For straight compositions, write in MS Word or equivalent and copy and paste the text in. I long ago wrote a series of autocorrects, so that, for example a"# => ä, ao# => å and of course a-# => ā.
Similarly th#, dh#, ae# and so forth, and autocorrects for þæt, þæm, and many others.
I think the missing edit tools are the result of a deeper problem caused by an "improvement" in Wikipedia as a whole: [3]. It sounds too technical to me.
Hogweard 01:08, 4 Mǣdmōnaþ 2009 (UTC)

It'd be easier to create your own custom keyboard layout. Just google that bolded text and see what tools you find. It's what I did, sure beats having to stop and click buttons. Before making one, think about what you'd want to press naturally in order to bring those characters up. Me, ALT + a, for instance, brings up the macron, then I can type any vowel to place under it. My ALT + y brings up ȝ, and so forth. (I put that there based on pronunciation). — ᚹᚩᛞᛖᚾᚻᛖᛚᛗ 03:41, 4 Mǣdmōnaþ 2009 (UTC)

Swíþe gód... Þonce éow eallum... Ic mót brúcan þás orþancas. Áwendung: Very good... Thanks... I must use these ideas. Willcume ic þec on míne brúcendsídan! 01:18, 6 Mǣdmōnaþ 2009 (UTC)

Featured Articles[adiht fruman]

While most pages are rather short, some of them are length and well-done. I'd say it's about time for us to start implementing some Fulgōd ȝeƿritu. — ᚹᚩᛞᛖᚾᚻᛖᛚᛗ 06:47, 20 Wēodmōnaþ 2009 (UTC)

Bend? Hlenċe![adiht fruman]

Sum ƿordcƿidas on þǣre Arizona.edu sīde bēoþ fremde oþþe tō miċel, ac mē þyncþ hlenċe gōd. Brūcaþ ƿē hīe. — ᚹᚩᛞᛖᚾᚻᛖᛚᛗ 08:16, 28 Wēodmōnaþ 2009 (UTC)

Hit is gód word, ac "bend" is ǣr gebrocen, and ic ðence, ðæt hit swíðe heofig ðing is, tó forbrúcenne níwe word tó "link"e. Gíet, þence ic, ic sceal hlence brúcan... Willcume ic þec on míne brúcendsídan! 02:57, 27 Hāligmōnaþ 2009 (UTC)
Bēo Beald. Brūc hlenċe. — ᚹᚩᛞᛖᚾᚻᛖᛚᛗ 02:11, 28 Hāligmōnaþ 2009 (UTC)

Anglicization of Modern Country Names[adiht fruman]

Englisc's wordhoard, although, for an ancient language, is considerably large, yet, obviously, lacks names for many modern countries (for obvious reasons). Obviously, too, a neologism will not always suffice for such countries (such as "Austrlaia"); however, there is always the issue of Anglicization of such words. For example, under Englisc's standard inventory of diphthongs, Australia should be "Ēastralea". So, how about it?
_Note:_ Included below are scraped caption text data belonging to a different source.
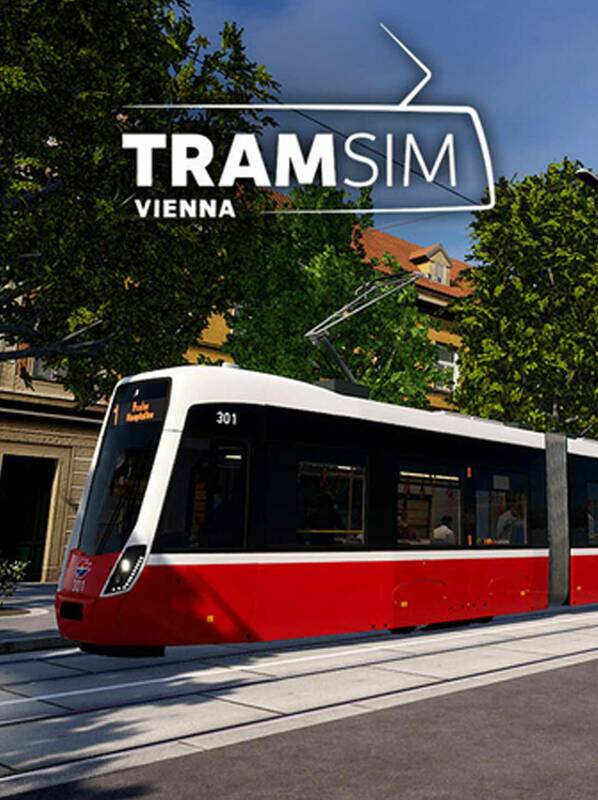 TramSim Vienna - The Tram Simulator | Steam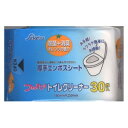 セイケツネットワーク フきとれーる トイレクリーナー 30枚入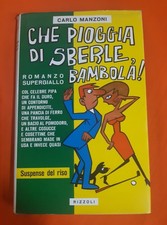 Carlo Manzoni Che pioggia di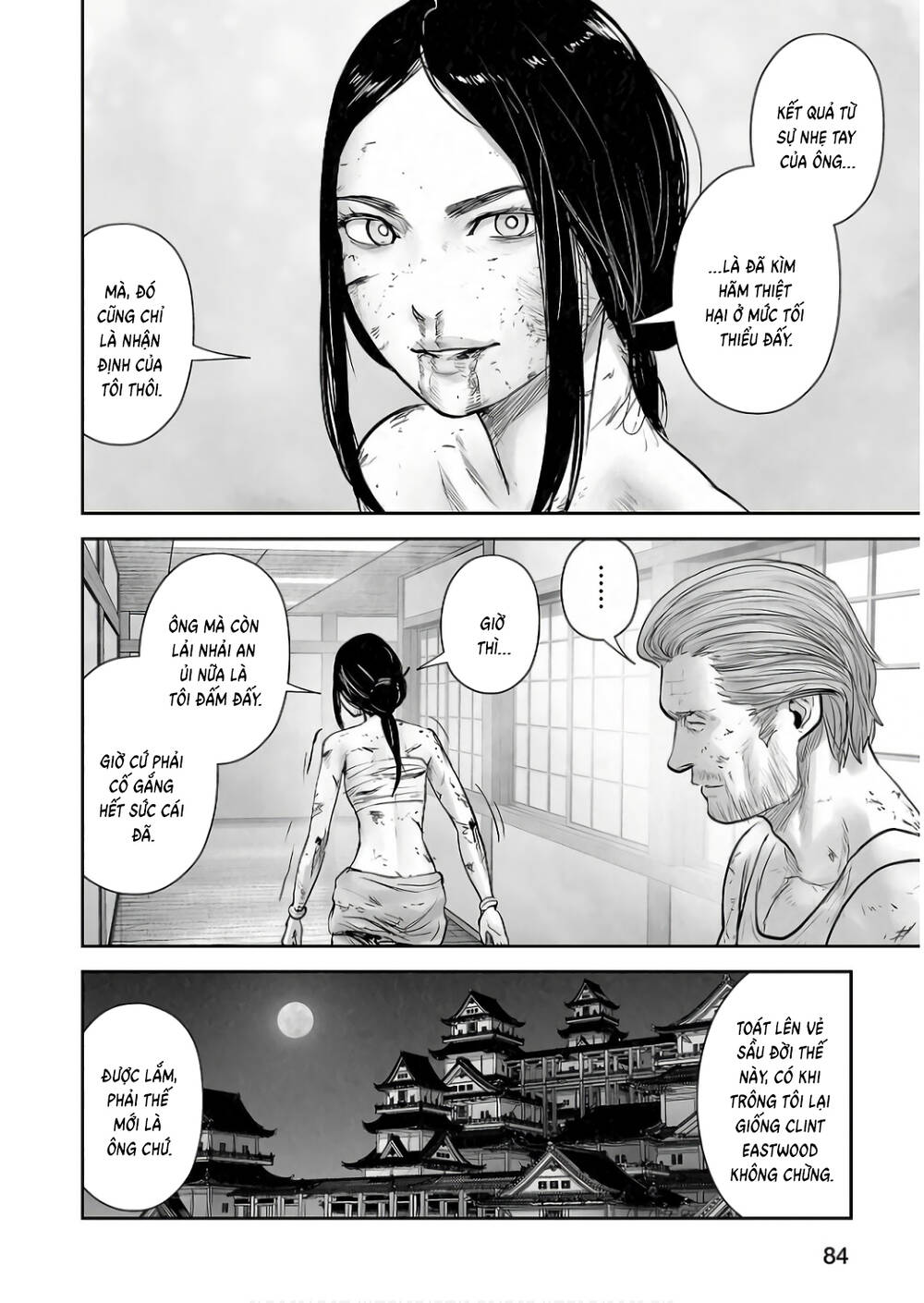 Chung Chi Thối Ma Sư -Ender Geister Chapter 149 - Trang 6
Also, this being relevant to the "fréo" in "séo fréo wísdómbóc", I am pretty sure that Englisc "fréo" was not meant to mean "without cost", but, rather, "liberated, freed, etc". I think "uncéap" would be a better option of the kind of free intended there. Willcume ic þec on míne brúcendsídan!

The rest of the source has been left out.